One day while visiting out at grandpas farm out there at Simmons Chapel, I happened by the outhouse and caught just a glimpse of a snakes' tail just making it under the edge of the little building to take refuge. Of course the alarm was appropriately sounded with lots of yelling and screaming about a snake.
I had my BB gun (Daisy Red Rider - (still have one!)), Byron had his 22, Doyne had a 410 shotgun, others had various shootin' irons, and grandpa Shelton had his trusty hoe. (Ahem . . . that's a gardening or cotton chopping utensil, not a girl of the evening!)
The outhouse was ringed with trigger happy snake hunters with all weapons 'loaded & cocked, safety forward, itchy booger-picker on the bang switch (trigger). Each warrior was tense as testosterone and adrenaline pumped through their bodies like a fire hose. We were MEN. All weapons bearers felt and appreciated the gravity of the moment, and wanted the honor and bragging rights of being the first to unload into the offending trespasser.
Tension was high as grandpa took his hoe and eased it into and out of the cracks trying to snipe the snake out. Suddenly, from the opposite side of the grandpa was on came a yelp, the thunk of a BB gun, and suddenly, every gun out there unloads! The resulting cacaphony of thunder and powder smoke from the brace of firearms died out slowly.
But the snake is no where to be seen. While grandpa searched high and low for the offending serpent, everybody started re-loading. After a while outhouse grandpa stopped searching and asked "What did you see George Earl?"
"I didn't see anything," I replied.
"Well, why did you yelp over there?" somebody asked.
"I put my hand out to push the building and that rusty nail stuck me. When I jerked back, I yelled and my BB gun went off. Then I heard everybody shooting, I thought it was ya'll who found the snake . . ."
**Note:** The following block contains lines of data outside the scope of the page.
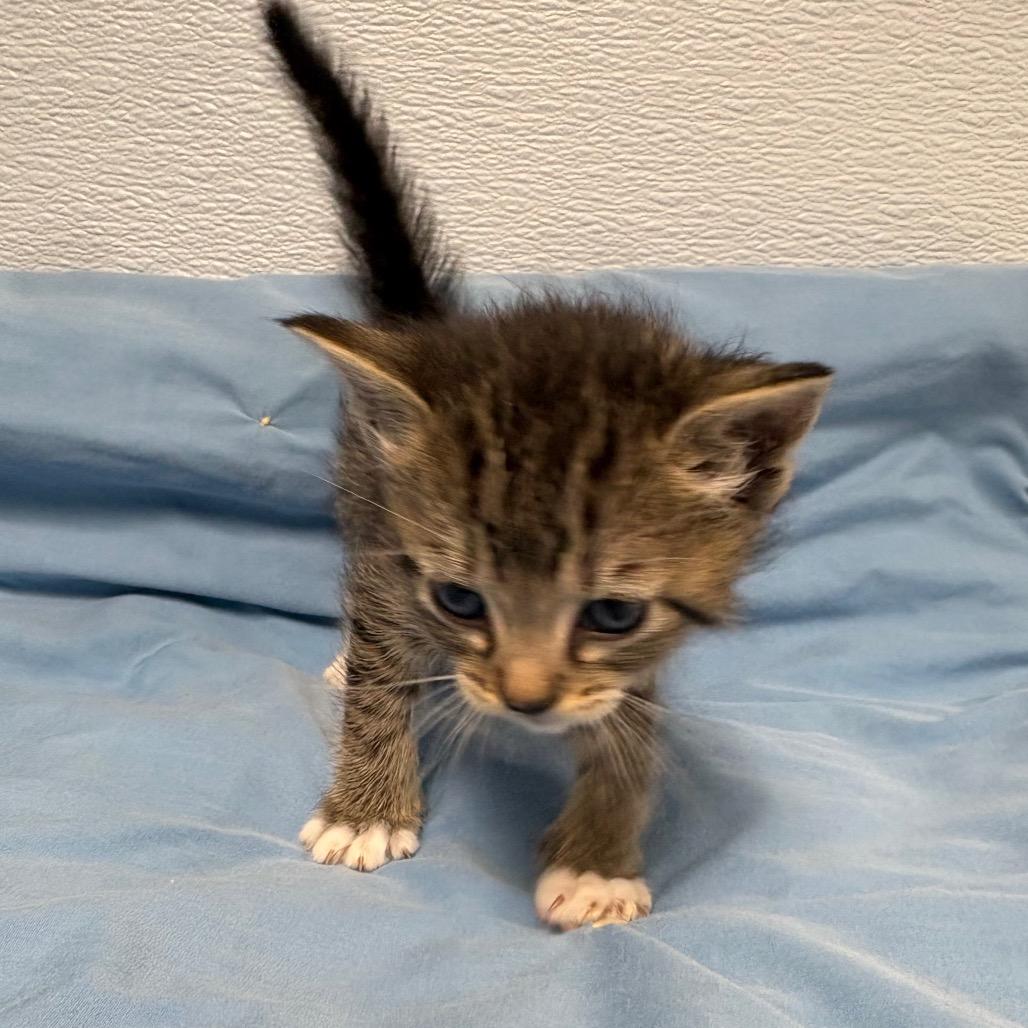 Draco, ADOPTABLE, Young Male Domestic Medium Hair.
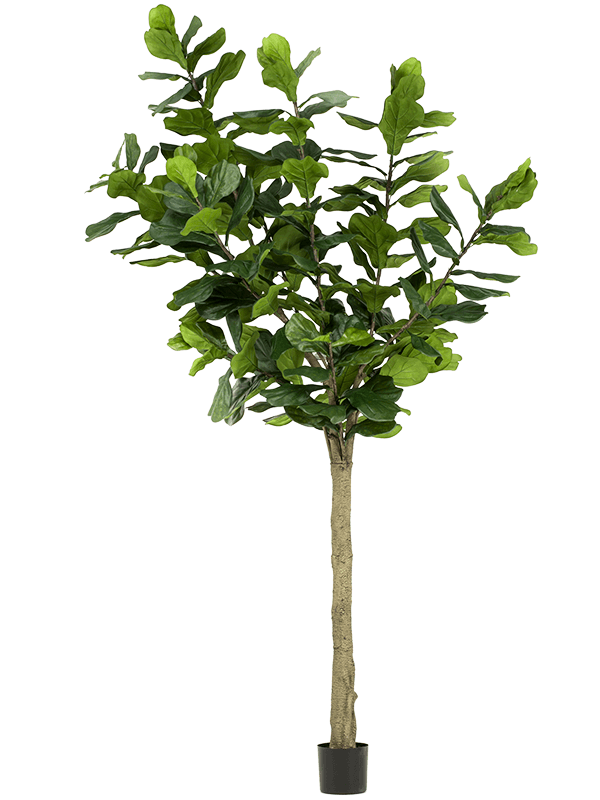 
                  
                    Ficus lyrata artificiel 300 cm — Emerald Eternal Green — référence 8EE423122
                  
                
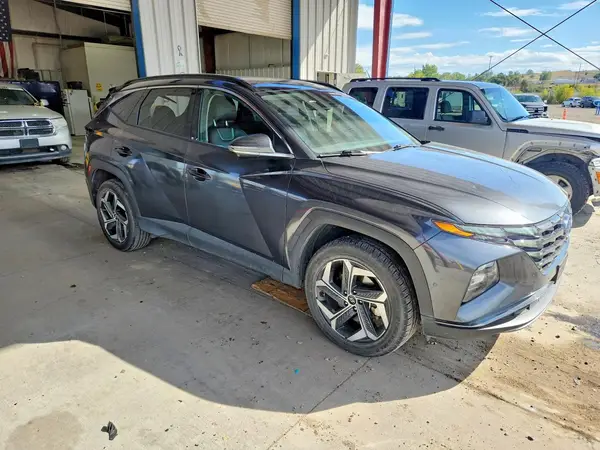 5NMJECDEXRH305564 — 2024 Hyundai Tucson, фото 4 с аукциона Copart, Град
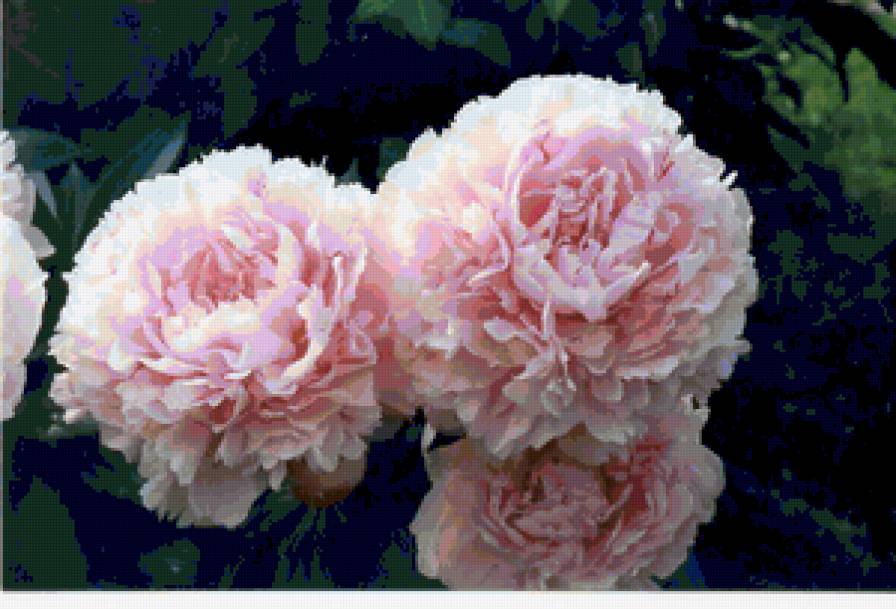 розовые пионы - пионы - предпросмотр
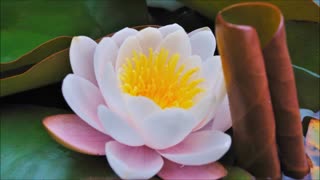 How To Create A New Earth - Musical Version - (Part 2 of 7) - The Path of the Lotus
"You boys run along and put up your guns. You've shot up a whole 2 bucks worth of ammo today." In that day and age, that was a LOT of ammo! I remember when I took my own 22 rifle back as a teenager I could buy a box of long rifles for 89¢. Out of a dollar I could still get a sodi pop and a candy bar.
Rascal the dog kept barking, but he was not barking at the outhouse. He was barking at the tree! Somehow, that snake had been able to get up the tree from the backside of the outhouse, and nobody had even considered that possibility. Somebody hollered at the dog, and happened to look up.
There, barely visible, was the snake! Again, the hail of gunfire sounded, and the snake came down out of the tree wiggling with everything it had. By the time the snake left the tree, all guns had been emptied, and shooters were scrambling around trying to get ammo out and reload. But, it was too late. The snake had went into the grass and into safety. It was never found although I looked for it the rest of the week!
Naw. We didn't kill the snake. But we sure shot that outhouse all to pieces!